Open City – why we are here?
We have set up Open City because we believe there needs to be a place to hear the stories that matter: stories that, all too often, remain untold: lives unrecognised, abuses ignored, follies forgotten, connections unrealised, joys uncelebrated. We need an occasion to celebrate the meeting of art and journalism that defines great documentary. In the modern world we have no choice: it is in the company of strangers that we live our lives. Nowhere is this more true than here in one of the great "open cities" of our times. Living among strangers brings risks and rewards. But it also brings a now familiar and divisive conflict between solidarity and diversity: we are happy to support those we feel to be like ourselves, but what about newcomers, strangers, peoples who make very different life choices than ours? In various ways the films we show in Open City and the festival itself, aim to mitigate this conflict by asking that age old question: who is my brother, with whom do I share mutual obligations? Documentary film emerged one hundred years ago, hand in hand with mass society and with mass democracy. When government is achieved by public deliberation and reasoned debate, we need institutions where complex cultural dialogues can come into being. We need institutions that foster a culture of tolerance and the acceptance of diversity.

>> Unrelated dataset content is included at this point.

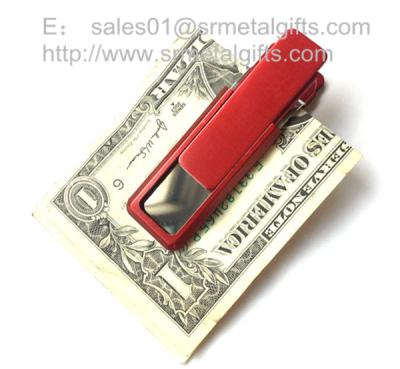 China Retail new fashionable stainless steel money clip wallet for sale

We need places that sustain commonality, reciprocity and toleration. Open City is such a place. This festival, and our ongoing teaching and training activity that continues throughout the year, encourages the self-representation and self-expression of diverse cultural groups, locally in London, but beyond in Great Britain, in Europe and far beyond. Our MyStreet digital doomsday portrait of modern Britain is just one form of this. (www.mystreetfilms.com) Anyone can contribute. And where better to do this than from London’s Global University – University College London – founded nearly two centuries ago to open up the cloisters of learning to those who had been historically excluded, women, Jews, religious non-conformists. A place where borders and barriers are seen as an invitation to transgress, to exchange with strangers, to breach the conventions that keep us apart.